Lesson 1

In the previous unit, students studied similar triangles and used the properties of rigid transformations and dilations to establish that in similar triangles:

• All pairs of corresponding angles are congruent.
• Lengths of all pairs of corresponding sides are proportional.

This warm-up helps students to recall that prior learning and to practice expressing ratios of side lengths in similar triangles and noticing they are equal. Monitor for students who use ratios comparing lengths within each triangle (\(\frac{AB}{AC} = \frac{DE}{DF}\)) and students who use ratios comparing lengths of corresponding sides (\(\frac{AB}{DE} = \frac{AC}{DF}\)).

Invite students to share their equations using angles. Then invite students to share their equations using side lengths. Continue collecting examples until there are some ratios comparing lengths within each triangle and some ratios comparing lengths of corresponding sides.

As students complete this activity, they ask themselves whether they have enough information to find unknown side lengths in right triangles, and if not, what information they might need. Students may notice that without two side lengths given, they can’t use the Pythagorean Theorem to find the length of the third side. In the synthesis, there is an opportunity to connect back to what students know about triangle similarity and congruence, and to preview the fact that while we don’t yet have enough information to find the length \(z\), the length \(z\) is fixed once we know the measures of angles \(G\) and \(H\) and the length of \(GH\).

Monitor for students who:

• attempt to measure or estimate the length of \(z\)
• assume that angles \(H\) and \(E\) are congruent and use similarity to find the length of \(z\) (the angles are not congruent, angle \(E\) actually measures \(48^{\circ}\))

If students are struggling to find \(x\) or \(y\) ask them what they notice about the triangles. (They are all right triangles.) If necessary, prompt them to check their reference chart for information about right triangles. (The Pythagorean Theorem applies.) 

The purpose of this synthesis is to discuss whether it is possible to calculate \(z\). Invite the previously selected students to share their attempts to calculate \(z\).

Ask, “If we don’t have enough information to find the exact length of \(z\), does that mean that \(z\) could be any length?” (No, by the Angle-Side-Angle Triangle Congruence Theorem, any right triangle with a 50 degree angle and a side with length 3 between the known angles has to be congruent to this one. You can’t draw any other triangle with those measurements.)

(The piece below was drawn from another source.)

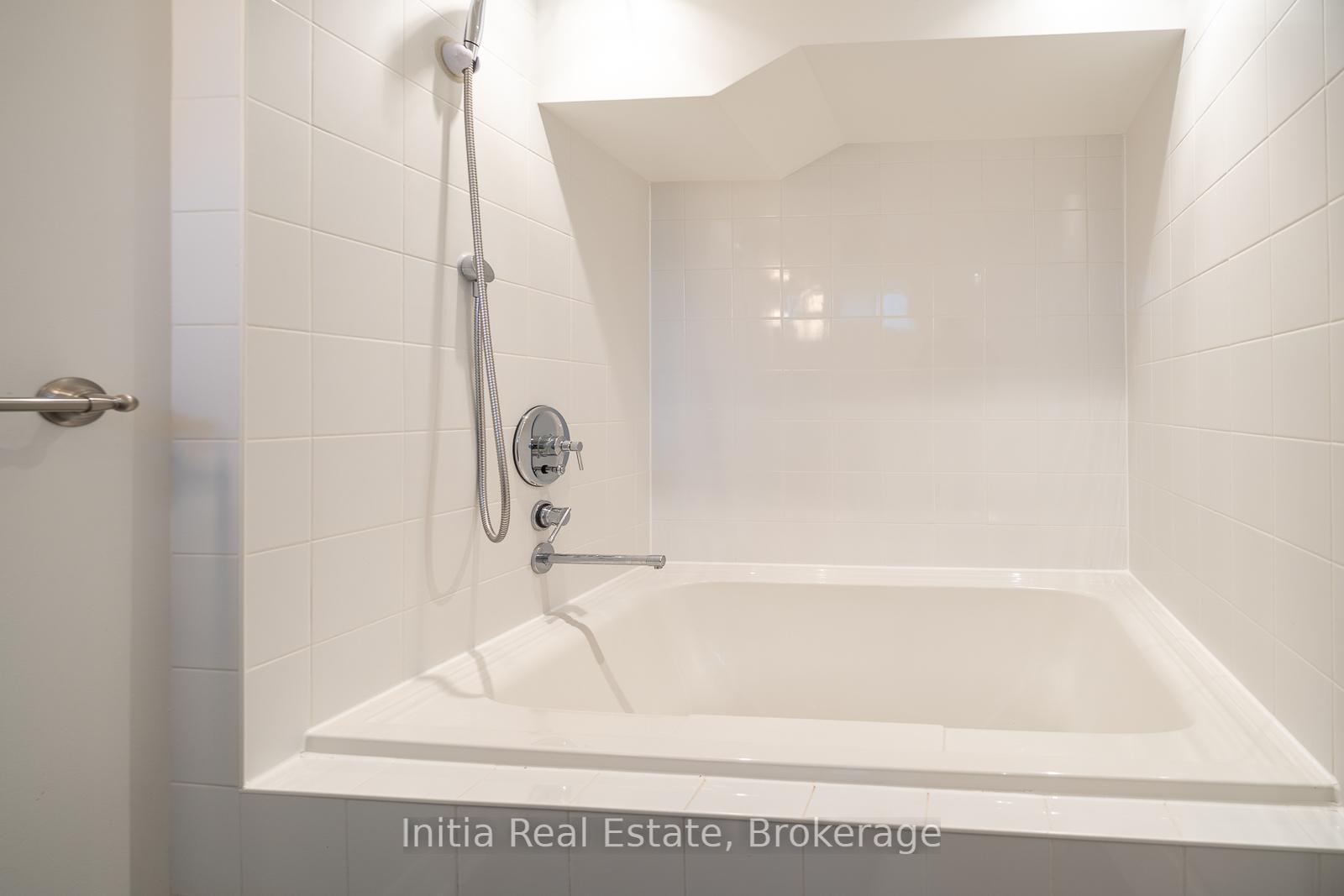 Photo 26 of 53 Burrows Avenue, Etobicoke, Islington-City Centre West — HOMEH
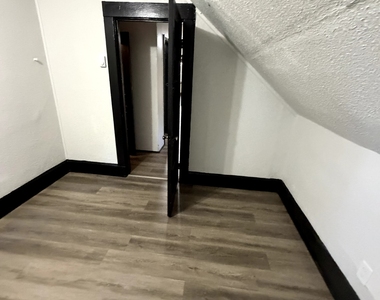 39 Houston Street - Photo Thumbnail 12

If similarity is not mentioned by students, ask, “If we had a triangle with the same angles as triangle \(GHJ\) but different side lengths, would that be helpful for finding \(z\)?” (Yes, then we could use the scale factor to find \(z\).)

In this activity, students are building skills that will help them in mathematical modeling (MP4). Students formulate a model by designing a ramp that they think will be accessible. Then they validate their results by comparing them to the Americans with Disabilities Act (ADA) guidelines. Students then use measurement and computation to determine if their ramp is acceptable and redesign it if necessary.

Monitor for the methods students choose to validate their design:

• Use the angle to check their ramps by measuring the angle with a protractor.
• Use the slope information by measuring to make sure that for every inch of vertical length, there are 12 inches of horizontal length.
• Construct one or more slope triangles along their ramp to demonstrate that it meets the guidelines.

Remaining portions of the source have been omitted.